Conviction for Cussing at Cops Toppled in Wash.

     SEATTLE (CN) – Overturning the conviction of a teenager who stood in his home and swore at police officers as they arrested his sister outside, the Washington Supreme Court ruled that the juvenile engaged in protected free speech.
     The 2011 arrests stemmed from a mother’s report that her juvenile daughter was drunk and breaking windows.
     As officers arrested the girl, identified in the decision as R.J., in her front yard, her 17-year-old brother E.J.J. stood in the doorway where he called police abusive names and hurled obscenities.
     E.J.J. was standing 10 to 15 feet away from the action, behind a wrought-iron screen door.
     Police allegedly told the boy numerous times to close the solid wooden door and retreat further into the home, but E.J.J. refused and continued to swear.
     Police then arrested him for obstruction of a law-enforcement officer.
     An intermediate appeals court upheld the boy’s conviction, but the state Supreme Court reversed Thursday.

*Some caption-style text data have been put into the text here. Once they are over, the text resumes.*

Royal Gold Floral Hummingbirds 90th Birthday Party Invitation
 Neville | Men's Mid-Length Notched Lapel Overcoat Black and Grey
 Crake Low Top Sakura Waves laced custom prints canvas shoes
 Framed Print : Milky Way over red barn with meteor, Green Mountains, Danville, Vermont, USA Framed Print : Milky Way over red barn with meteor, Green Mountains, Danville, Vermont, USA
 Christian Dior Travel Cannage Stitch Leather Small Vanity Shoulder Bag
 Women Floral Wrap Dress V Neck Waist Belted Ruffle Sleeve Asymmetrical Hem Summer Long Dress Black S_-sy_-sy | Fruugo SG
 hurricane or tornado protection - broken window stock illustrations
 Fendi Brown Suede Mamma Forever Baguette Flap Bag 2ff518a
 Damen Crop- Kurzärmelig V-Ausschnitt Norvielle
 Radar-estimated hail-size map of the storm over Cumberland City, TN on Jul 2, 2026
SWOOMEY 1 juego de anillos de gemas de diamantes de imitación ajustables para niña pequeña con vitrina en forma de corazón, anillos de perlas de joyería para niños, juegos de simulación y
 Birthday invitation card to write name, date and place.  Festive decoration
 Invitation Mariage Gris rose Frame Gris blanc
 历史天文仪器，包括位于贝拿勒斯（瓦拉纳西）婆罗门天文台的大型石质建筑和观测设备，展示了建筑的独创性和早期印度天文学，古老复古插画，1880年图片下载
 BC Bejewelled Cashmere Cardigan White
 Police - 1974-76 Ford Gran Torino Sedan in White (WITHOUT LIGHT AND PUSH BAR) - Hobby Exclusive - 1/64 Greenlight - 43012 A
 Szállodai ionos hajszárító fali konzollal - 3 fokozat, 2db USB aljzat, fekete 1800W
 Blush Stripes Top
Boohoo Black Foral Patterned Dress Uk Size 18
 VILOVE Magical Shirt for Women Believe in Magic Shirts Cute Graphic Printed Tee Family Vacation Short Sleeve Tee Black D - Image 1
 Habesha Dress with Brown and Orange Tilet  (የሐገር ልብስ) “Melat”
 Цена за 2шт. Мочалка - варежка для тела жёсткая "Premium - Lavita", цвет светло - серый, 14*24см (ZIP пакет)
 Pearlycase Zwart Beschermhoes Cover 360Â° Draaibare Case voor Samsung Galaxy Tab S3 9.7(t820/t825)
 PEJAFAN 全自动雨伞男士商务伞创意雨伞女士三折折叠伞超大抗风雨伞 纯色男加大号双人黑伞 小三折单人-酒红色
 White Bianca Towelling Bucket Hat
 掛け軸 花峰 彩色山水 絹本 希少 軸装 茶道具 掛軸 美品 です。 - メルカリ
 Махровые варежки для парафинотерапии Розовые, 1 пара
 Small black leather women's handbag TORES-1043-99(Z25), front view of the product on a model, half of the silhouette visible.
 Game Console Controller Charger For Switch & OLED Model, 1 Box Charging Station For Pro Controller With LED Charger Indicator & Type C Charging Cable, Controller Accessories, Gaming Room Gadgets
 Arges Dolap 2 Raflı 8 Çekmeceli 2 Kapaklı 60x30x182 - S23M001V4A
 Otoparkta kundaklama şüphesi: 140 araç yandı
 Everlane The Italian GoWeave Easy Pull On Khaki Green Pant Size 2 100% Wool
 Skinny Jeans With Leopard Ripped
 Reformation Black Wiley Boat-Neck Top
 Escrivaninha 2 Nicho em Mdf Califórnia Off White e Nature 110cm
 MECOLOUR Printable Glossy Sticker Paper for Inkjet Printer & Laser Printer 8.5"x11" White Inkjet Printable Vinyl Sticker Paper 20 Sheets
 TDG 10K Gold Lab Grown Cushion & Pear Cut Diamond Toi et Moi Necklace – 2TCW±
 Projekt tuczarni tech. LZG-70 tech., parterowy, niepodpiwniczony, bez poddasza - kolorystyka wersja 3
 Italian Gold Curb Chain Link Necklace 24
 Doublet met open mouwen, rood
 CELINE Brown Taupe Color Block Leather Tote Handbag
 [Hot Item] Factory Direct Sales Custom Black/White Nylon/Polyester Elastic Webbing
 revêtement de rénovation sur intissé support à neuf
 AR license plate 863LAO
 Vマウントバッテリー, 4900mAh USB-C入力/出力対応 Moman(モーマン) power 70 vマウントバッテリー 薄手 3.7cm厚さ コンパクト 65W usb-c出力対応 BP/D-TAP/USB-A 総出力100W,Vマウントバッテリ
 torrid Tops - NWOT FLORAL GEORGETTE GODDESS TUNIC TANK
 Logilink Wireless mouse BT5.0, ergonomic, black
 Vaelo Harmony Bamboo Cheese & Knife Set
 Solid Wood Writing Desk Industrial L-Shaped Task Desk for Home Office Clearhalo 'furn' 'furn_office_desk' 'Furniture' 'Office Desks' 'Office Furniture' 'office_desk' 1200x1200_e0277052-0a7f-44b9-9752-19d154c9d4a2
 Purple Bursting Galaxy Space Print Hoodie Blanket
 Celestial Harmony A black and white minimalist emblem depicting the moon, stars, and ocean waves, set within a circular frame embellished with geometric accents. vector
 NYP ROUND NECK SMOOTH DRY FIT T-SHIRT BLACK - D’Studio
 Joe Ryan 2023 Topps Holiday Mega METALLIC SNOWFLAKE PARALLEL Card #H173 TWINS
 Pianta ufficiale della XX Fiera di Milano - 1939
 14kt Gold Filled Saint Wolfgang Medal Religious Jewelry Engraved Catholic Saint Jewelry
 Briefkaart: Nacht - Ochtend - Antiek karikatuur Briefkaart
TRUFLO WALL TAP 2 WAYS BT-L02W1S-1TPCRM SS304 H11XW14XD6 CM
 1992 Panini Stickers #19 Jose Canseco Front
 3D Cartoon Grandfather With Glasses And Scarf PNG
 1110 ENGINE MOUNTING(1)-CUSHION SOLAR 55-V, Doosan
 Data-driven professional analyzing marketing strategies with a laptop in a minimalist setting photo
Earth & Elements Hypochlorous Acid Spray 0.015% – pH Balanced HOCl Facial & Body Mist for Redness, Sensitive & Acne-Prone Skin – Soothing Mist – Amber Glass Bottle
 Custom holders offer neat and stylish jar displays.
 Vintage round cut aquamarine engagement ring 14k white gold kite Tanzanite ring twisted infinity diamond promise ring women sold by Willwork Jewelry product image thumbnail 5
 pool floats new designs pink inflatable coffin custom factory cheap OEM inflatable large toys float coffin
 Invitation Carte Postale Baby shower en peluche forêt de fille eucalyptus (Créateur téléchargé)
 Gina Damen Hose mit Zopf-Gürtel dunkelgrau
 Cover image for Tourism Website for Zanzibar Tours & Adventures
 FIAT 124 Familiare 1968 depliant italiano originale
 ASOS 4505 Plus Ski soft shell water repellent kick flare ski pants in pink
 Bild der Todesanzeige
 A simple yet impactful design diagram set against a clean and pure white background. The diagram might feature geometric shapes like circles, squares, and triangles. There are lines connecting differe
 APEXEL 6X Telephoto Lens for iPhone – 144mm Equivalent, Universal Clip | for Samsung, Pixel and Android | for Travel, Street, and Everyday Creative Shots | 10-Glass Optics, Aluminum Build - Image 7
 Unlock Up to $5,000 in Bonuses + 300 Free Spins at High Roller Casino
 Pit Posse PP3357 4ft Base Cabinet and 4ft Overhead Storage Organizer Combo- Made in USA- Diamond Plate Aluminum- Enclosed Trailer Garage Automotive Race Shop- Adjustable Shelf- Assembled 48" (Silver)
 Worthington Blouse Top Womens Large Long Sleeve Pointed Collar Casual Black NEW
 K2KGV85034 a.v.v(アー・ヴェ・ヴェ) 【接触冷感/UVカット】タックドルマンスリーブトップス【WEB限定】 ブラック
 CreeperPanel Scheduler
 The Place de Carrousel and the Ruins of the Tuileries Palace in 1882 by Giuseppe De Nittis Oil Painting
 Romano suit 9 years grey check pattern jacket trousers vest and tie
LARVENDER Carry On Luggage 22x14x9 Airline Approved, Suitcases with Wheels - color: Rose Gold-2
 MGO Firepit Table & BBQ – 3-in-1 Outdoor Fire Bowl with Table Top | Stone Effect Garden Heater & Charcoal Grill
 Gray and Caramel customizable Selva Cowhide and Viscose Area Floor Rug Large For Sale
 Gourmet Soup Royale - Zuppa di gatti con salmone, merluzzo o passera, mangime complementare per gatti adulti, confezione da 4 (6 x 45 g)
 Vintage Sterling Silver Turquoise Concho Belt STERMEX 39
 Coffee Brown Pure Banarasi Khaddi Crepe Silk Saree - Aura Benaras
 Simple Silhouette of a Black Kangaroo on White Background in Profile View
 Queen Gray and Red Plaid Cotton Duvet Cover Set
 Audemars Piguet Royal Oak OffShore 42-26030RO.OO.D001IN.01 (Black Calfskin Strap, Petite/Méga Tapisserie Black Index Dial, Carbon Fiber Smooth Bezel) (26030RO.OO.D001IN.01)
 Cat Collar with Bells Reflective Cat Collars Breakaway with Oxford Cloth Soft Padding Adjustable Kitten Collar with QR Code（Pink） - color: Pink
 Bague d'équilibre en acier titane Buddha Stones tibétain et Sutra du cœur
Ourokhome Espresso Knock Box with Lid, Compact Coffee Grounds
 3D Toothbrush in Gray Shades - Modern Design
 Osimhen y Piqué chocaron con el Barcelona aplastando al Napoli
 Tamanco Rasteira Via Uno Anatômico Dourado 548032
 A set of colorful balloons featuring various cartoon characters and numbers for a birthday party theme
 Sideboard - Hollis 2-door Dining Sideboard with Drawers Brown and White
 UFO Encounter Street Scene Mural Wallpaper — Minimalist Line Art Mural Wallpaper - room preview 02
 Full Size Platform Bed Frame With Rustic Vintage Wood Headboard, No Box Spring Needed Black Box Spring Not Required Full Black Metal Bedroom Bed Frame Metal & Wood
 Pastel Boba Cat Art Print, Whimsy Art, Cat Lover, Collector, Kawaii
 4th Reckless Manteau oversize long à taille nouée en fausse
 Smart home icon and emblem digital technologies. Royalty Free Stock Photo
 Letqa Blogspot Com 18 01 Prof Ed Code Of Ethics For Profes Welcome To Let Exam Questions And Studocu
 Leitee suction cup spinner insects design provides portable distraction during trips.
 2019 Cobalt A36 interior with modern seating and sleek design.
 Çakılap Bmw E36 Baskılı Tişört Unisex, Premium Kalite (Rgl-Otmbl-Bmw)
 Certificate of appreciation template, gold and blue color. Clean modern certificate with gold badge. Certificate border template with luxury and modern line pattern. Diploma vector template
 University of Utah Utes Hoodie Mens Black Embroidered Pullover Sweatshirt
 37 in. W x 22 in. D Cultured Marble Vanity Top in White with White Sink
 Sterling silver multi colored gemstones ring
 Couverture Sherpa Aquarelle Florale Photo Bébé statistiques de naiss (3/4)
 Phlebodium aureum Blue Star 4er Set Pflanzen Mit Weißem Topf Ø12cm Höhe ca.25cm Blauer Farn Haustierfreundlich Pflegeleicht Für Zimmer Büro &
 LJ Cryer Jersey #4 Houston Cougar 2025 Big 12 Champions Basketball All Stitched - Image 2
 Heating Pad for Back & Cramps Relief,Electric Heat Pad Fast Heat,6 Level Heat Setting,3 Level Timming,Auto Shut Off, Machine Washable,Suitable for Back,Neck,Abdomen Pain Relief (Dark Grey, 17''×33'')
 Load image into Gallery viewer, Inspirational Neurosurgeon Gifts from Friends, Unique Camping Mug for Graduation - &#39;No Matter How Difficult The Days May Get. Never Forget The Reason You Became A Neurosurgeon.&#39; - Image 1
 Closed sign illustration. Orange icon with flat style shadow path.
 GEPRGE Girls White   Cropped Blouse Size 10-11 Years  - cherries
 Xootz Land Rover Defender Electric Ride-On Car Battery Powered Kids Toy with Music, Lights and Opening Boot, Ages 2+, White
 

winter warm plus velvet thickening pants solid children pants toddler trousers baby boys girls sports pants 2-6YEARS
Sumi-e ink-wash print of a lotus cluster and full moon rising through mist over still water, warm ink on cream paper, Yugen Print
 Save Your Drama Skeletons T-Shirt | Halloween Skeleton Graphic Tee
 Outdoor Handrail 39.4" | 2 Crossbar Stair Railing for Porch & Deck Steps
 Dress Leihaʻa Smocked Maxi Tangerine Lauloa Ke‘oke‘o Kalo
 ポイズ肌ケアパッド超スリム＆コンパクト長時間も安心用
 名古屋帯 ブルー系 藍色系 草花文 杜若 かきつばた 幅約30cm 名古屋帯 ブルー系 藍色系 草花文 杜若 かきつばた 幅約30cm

     “While E.J.J.’s words may have been disrespectful, discourteous, and annoying, they are nonetheless constitutionally protected,” the lead opinion by Associate Chief Justice Charles Johnson states.
     “Where individuals exercise their constitutional rights to criticize how the police are handling a situation, they cannot be concerned about risking a criminal conviction for obstruction. Such a conviction is not permitted under the First Amendment,” Johnson added.
     The court rejected the assertion that E.J.J. engaged in unprotected conduct “by approaching the officers while they were trying to calm R.J. down and by refusing to obey the officers’ requests to return to the house and close both the wrought iron and solid wood doors.”
     E.J.J. “did not physically interfere with or touch either the police or his sister,” and he did not make any threatening movements, the ruling states.
     Obstruction statutes “may not be used to limit citizens’ right to express verbal criticism, even abusive criticism, at police officers,” according to the opinion.
     The King County Prosecutor’s office did not immediately respond to a request for comment.